東北電力ネットワーク新潟の支社長・松坂英次氏は、「年末年始の大雪や暴風雪の影響により新潟県各地において停電が発生した。停電が発生した地域の皆様には大変なご不便とご迷惑をお掛けしたことを改めてお詫び申し上げる」と陳謝し、大雪・暴風雪に伴う停電復旧対応結果について説明した。

◎2020年12月14日までの大雪対応

先月12月14日以降は強い冬型の気圧配置により、新潟県内全域で強風が吹き、湯沢町では24時間降雪量が観測史上1位を記録するなど山沿いを中心に記録的な大雪となった。県内で延べ31,069戸の停電が発生。17日の23時過ぎには、一旦停電は復旧したものの、その後も断続的に停電が発生し、20日の夜に全て復旧した。停電の主な原因として倒木による電線断線や樹木接触等。延べ稼働人員(応援舎)は約1,800人、応援人員(県内外)は約940人が対応に当たった。

◎2021年1月7日から8日までの暴風雪対応

1月7日からは発達した低気圧に伴い下越・県央エリアを中心に記録的な風速の暴風雪となり、県内で延べ88,474戸が停電し、8日の18時に全て復旧した。停電の主な原因は飛来物による電線、断線等。延べ稼働人員(応援舎)は約1,780人、応援人員(県内外)は約170人が対応に当たった。

◎2021年1月8日深夜から13日までの大雪対応

北陸地方を豪雪が襲い、上越・糸魚川エリアを中心に各地で24時間、48時間、72時間といった積雪量で記録を更新するなどまたも記録的大雪となり、8日の深夜から延べ23,573戸の停電が発生し、13日の夜に全て復旧した。

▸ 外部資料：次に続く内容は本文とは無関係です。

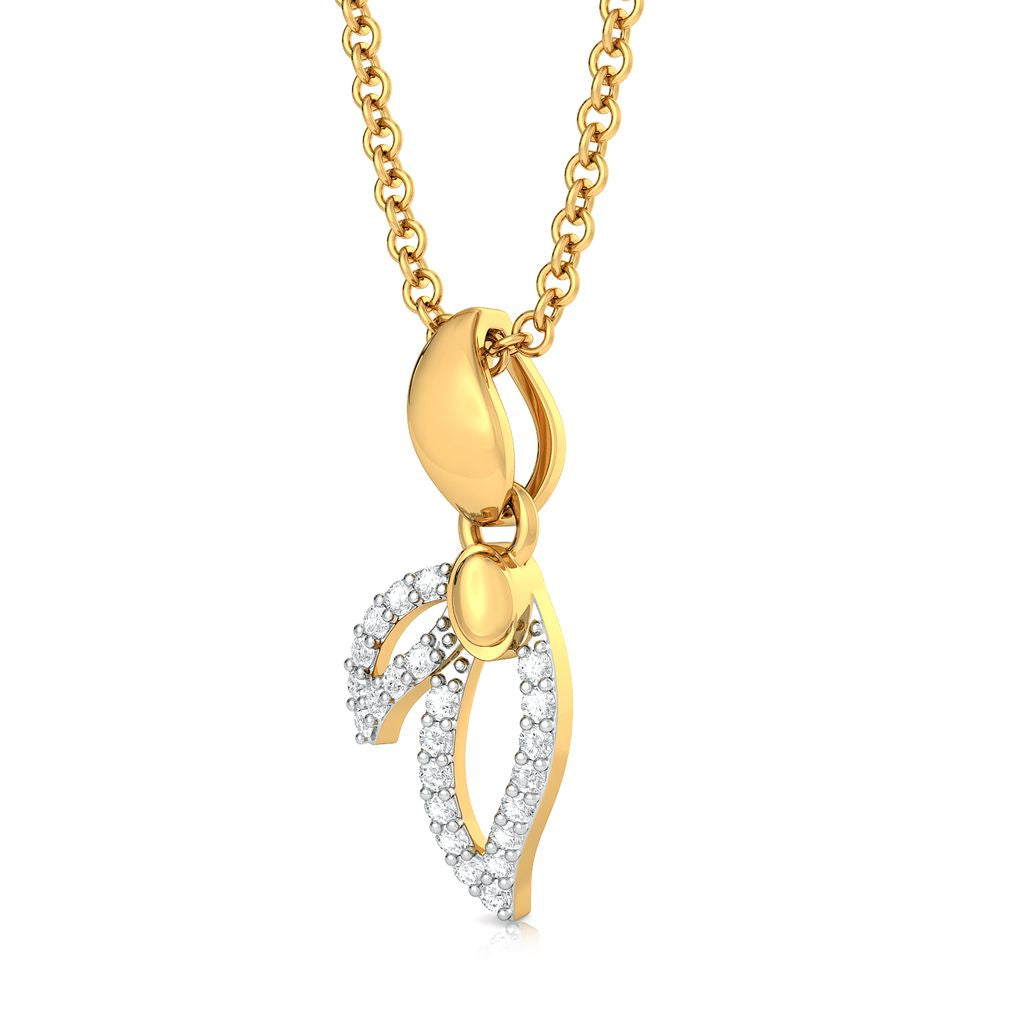 Double Daze Diamond Pendants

停電の主な原因は倒木による電線断線や樹木接触等。延べ稼働人員(応援舎)は約4,130人、応援人員(県内外)は約880人が対応に当たった。

これらの対応について、「新型コロナウイルス感染症対策に万全を期した上で、県外からの応援を含み相当数の人員により復旧を進めた。また、倒木や積雪により工事車両が立ち入れないエリアもあり、停電の解消には長時間を要した場所もあったが、自治体などの関係機関と連携しながら復旧作業に当たった」(松坂氏)と話した。

◎冬季の安定供給に向けた取り組みについて

2005年の12月に下越地方を中心に雪害による約65万戸の停電が発生したが、その時の教訓を踏まえ、送電線設備において「塩雪害」(海塩粒子などを含む雪ががいしなどに付着し絶縁が低下しアースする減少)、「ギャロッピング現象」(電線に翼状となった雪が付着することで、強風下で電線の振動が大きくなる減少)の対策工事を行った。

対策として、従来では平常時に徐々に蓄積する汚損に強い「長管がいし」を使用していたが、2回線のうち片側1回線を塩雪害および台風等による短時間の汚損に強い「懸垂がいし」に変更した。また、「ルーズスペーサー」「相間スペーサー」を設置し、ギャロッピングの抑制や送電線接近を防止している。

◎停電の未然防止に向けた対応

ヘリやドローンを活用した巡視点検、冠雪落とし作業、電柱の傾斜や倒壊を防止するための支線掘り作業、高圧洗浄機で碍子(がいし)表面の塩分や塵を洗浄するなどの対応を日々行なっている。

◎引込線から火花が発生する現象について(トラッキング現象)

強風で飛ばされた木の枝や砂じん、氷雪が電線にぶつかることで、引込線の被覆に目に見えない程の傷がついてしまう。傷ついた箇所に強風によって運ばれた海水の塩分や粉塵とうが付着。雨などで湿気を帯びることで電気が流れ、火花が発生する場合がある。火花が発生した引込線は、直ちに張替工事を行うほか、強風の後はパトロールによる点検を行なっている。引込線やがいしから火花が出ているのを見つけたら、東北電力ネットワークコールセンターへ連絡してほしいという。

報告を終えて松坂氏は、「弊社では停電の防止に向けた様々な対策を行なっているが、全てを未然に防ぐことは難しい現状。万が一、災害等で大規模な停電となった際は早期復旧を図るため東北電力と一体となって作業を進め、県民の皆様の生活や活動に欠かせない電力の安定供給にしっかりと取り組んでいく」と話した。